My apology, if an apology is required, is for letting the genie out of the bottle. My moral standpoint on the apology is that to say you are sorry means – Given the choice, and if you could do it again, you would do or say things differently. Only this is a true apology. If you were to add “I would do the same again” it is not an apology at all, and in fact this is worse as you now know that your actions or words will cause offence. An apology, a real apology, has regret. The process is complicated by the fact that I do not trust another people’s recollection of events. The odd times that I can remember certain events, and I have been asked to apologise for them, I remember them differently and stand by my actions. This is my conceit. No, if I have to apologise for anything it is for giving the gun to the chimp in the first place. I know that when I decide to drink that mayhem will possibly ensue. The only way I can truly apologise to anyone or everyone I have ever drunkenly upset is to never drink again. My apology is that I regret getting drunk to a state where brutal honesty, mischief making, and a devil may care attitude is possible. That, if I had my time again I would choose not to drink rather than upset the people I have. As I write these words and as they are unfolding in front of me I am thinking of what that means…my heart is racing and my hands are trembling. The terrifying conclusion is that the only apology I can make is to never drink again….Never.

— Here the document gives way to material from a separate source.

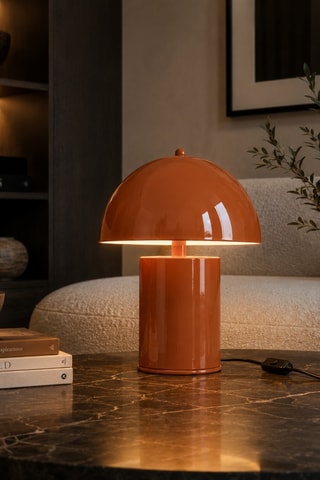 Lampada da tavolo Pera - Arancione - 40 W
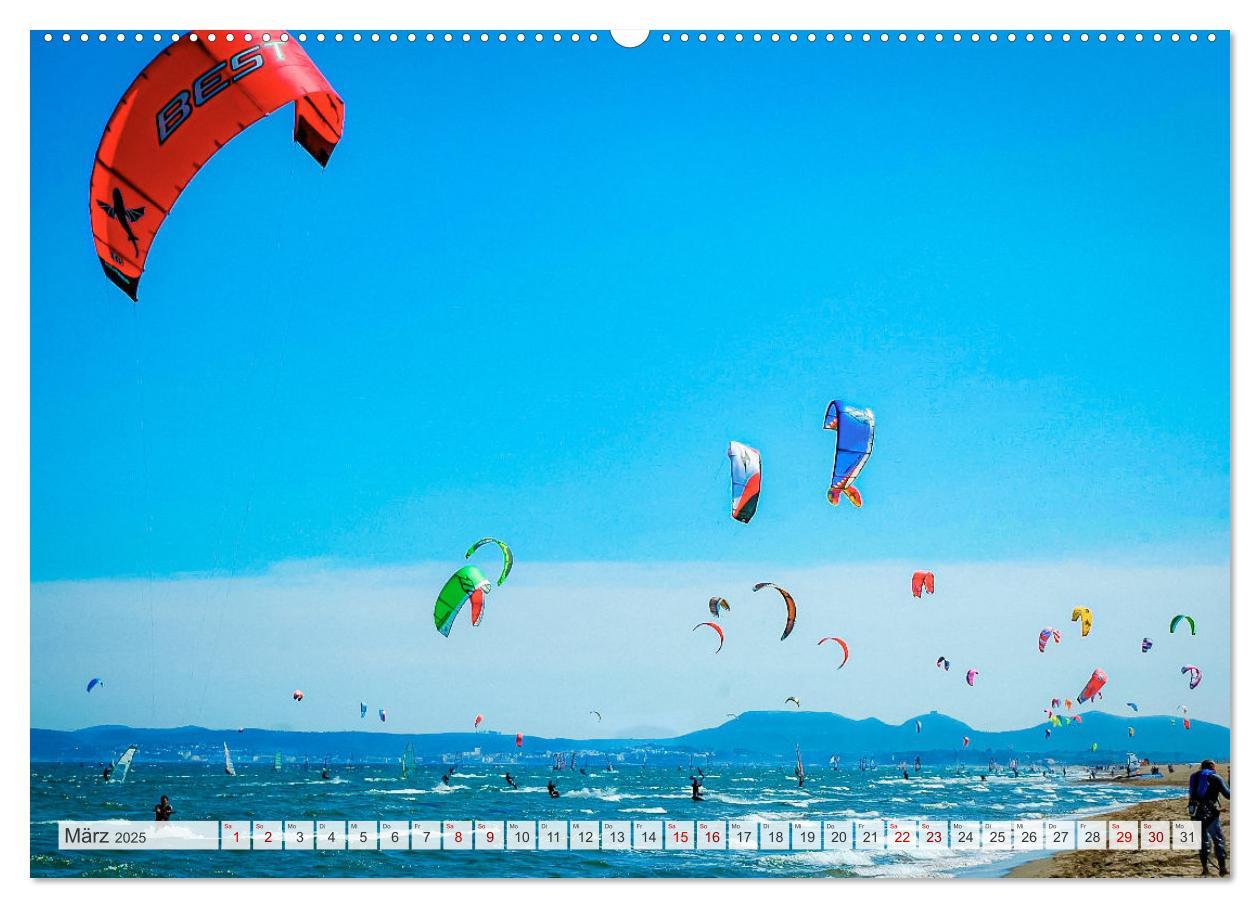 Bild: 9783435100187 | Faszination Kitesurfen (Wandkalender 2025 DIN A2 quer), CALVENDO...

My intention of writing this book was to kill Him off; that this book would exorcise any demons I may have and be rid of Him. I fear that I cannot kill Him off sufficiently. Perhaps that is my panic, my anxiety. My hope was that at the end of this journey I would come out the other end “normal” or at least “normalish”. If I don’t then Never it will have to be.

“Oh God, let me understand myself”

Attempted Murder Charges

Day 1 – Attempted Murder Charges

London has always been a myth where the disenfranchised go to find solace, understanding, and in some cases a self that they never knew existed.

Shoreditch was this myth made manifest and magnified. Scoundrels and chancers, artists and vagabonds alike tread well worn paves of gold to this bohemian and most modern day Shangri-La.